In prehistoric times, the average person probably knew about or met perhaps only 300-400 new people their entire lives. So being good at meeting new people wasn’t something that really gave us an evolutionary advantage, and thus we’re not wired to do it well. But we can get better at it. Here is some advice on how to improve.
A few words of advice.
- Recognize you’re hardwired to be nervous meeting new people. But the odds that something bad is going to happen is really, really small. Even if your conversation is awkward, or the other person doesn’t seem that excited to talk with you, what’s the worst that can happen? A momentary bit of embarrassment. Don’t see meeting new people as a litmus test of your self-worth but as an opportunity to learn something new about other people. And if that interaction ultimately turns into a positive relationship, it’s a bonus. If not, you had a nice conversation.

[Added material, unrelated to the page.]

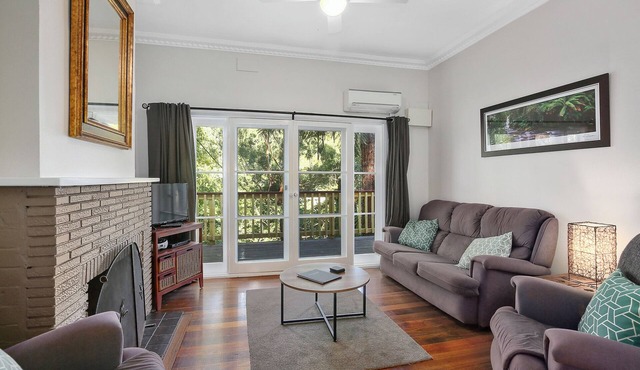 Lola's cottage in the heart of Warburton with views of the Yarra River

- Don’t worry about etiquette. The latest edition of Emily Post’s Etiquette has 22 pages on how to introduce other people, but almost nothing on how to introduce yourself to others. There really isn’t clear etiquette on when, where, and how to approach and introduce yourself to a stranger. So don’t worry about it. Put yourself in the other person’s position and ask yourself whether you’d be willing to be approached by a stranger in this situation. If you would, then go for it.
- Focus on giving others energy. The best way to make a good first impression is not try to make a good first impression. Don’t regale them with your accomplishments, but focus on bringing them energy by showing interest, asking them questions, and give them the opportunity to impress you. Research shows that people like others who help them feel good about themselves.

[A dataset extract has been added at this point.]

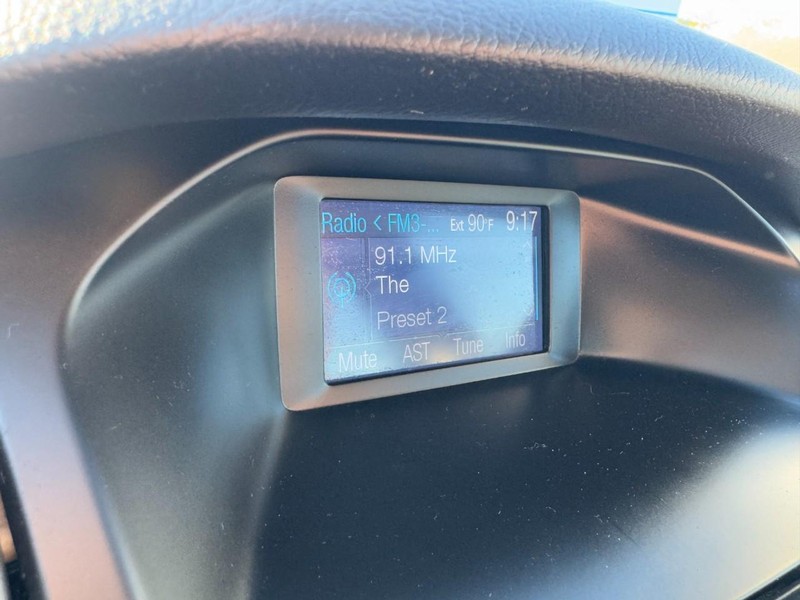 Ford Focus Vehicle Image 20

Needing to remember names is a relatively new challenge for humans. Until the invention of language in the past 100,000 years, we didn’t have names, so we haven’t evolved to be really good at it. Furthermore, for most of human history we rarely had the need to learn new names, and almost never had to learn a large number of them at once.

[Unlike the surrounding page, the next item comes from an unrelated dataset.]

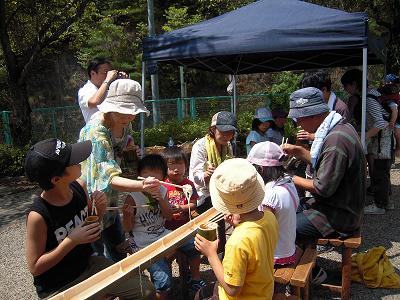 みんなで流しそうめん！
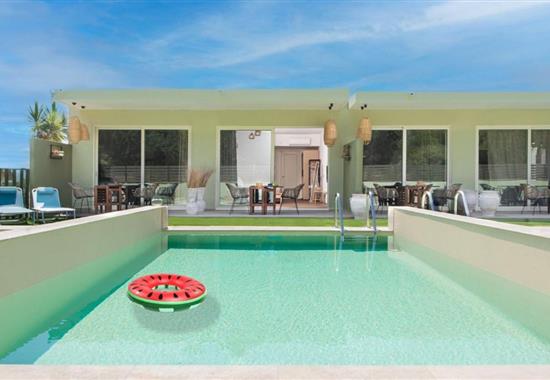 Theros Suites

MRI studies have shown that we actually process and store proper names like John Smith or Maria Rodriguez differently than the way we store and process other information about people. The initial connection between faces and what we learn about people AND their name is often weak. Furthermore, all the things that happen during introductions make it one of the worst times to try to hear and learn someone’s name.
A few pieces of advice:
- Make a commitment to listen carefully to their name. Researchers have found that when we discover we’ve already forgotten the name of someone we just met, it’s because we never really paid enough attention to it in the first place. Remind yourself to listen, and repeat their name right away to ensure you’ve at least gotten it into your short-term memory.
- Repeat it at the end of the conversation. Your goal should be to have the name be one of the last things you process about the person, so you can achieve #3…
- Write it down. As soon as you can after the introduction, write it down. Our ability to recognize the right name from a list is far, far better than to recall a name from our poor memories.
- Prime yourself before you meet them again. While sometimes we’re surprised to run into someone we’ve just met, often we have a good idea of who we’ll be meeting and interacting with in future situations. Reviewing their names in advance gets them back into short-term memory and dramatically increases the chance you’ll recall it when you meet them again.
Hopefully some of this advice will help you in future social situations! You’ll never eliminate all your anxiety in new situations. In fact, a little bit of nervousness keeps you focused and alert and more engaged with those around you. The key is to recognize that much of your anxiety is a product of your genes and your upbringing and not a personality defect. The social risk you’re taking in new situations is far less than your brain wants you to think. Push past it and put yourself out there—the next person you meet or opportunity you pursue might change your life.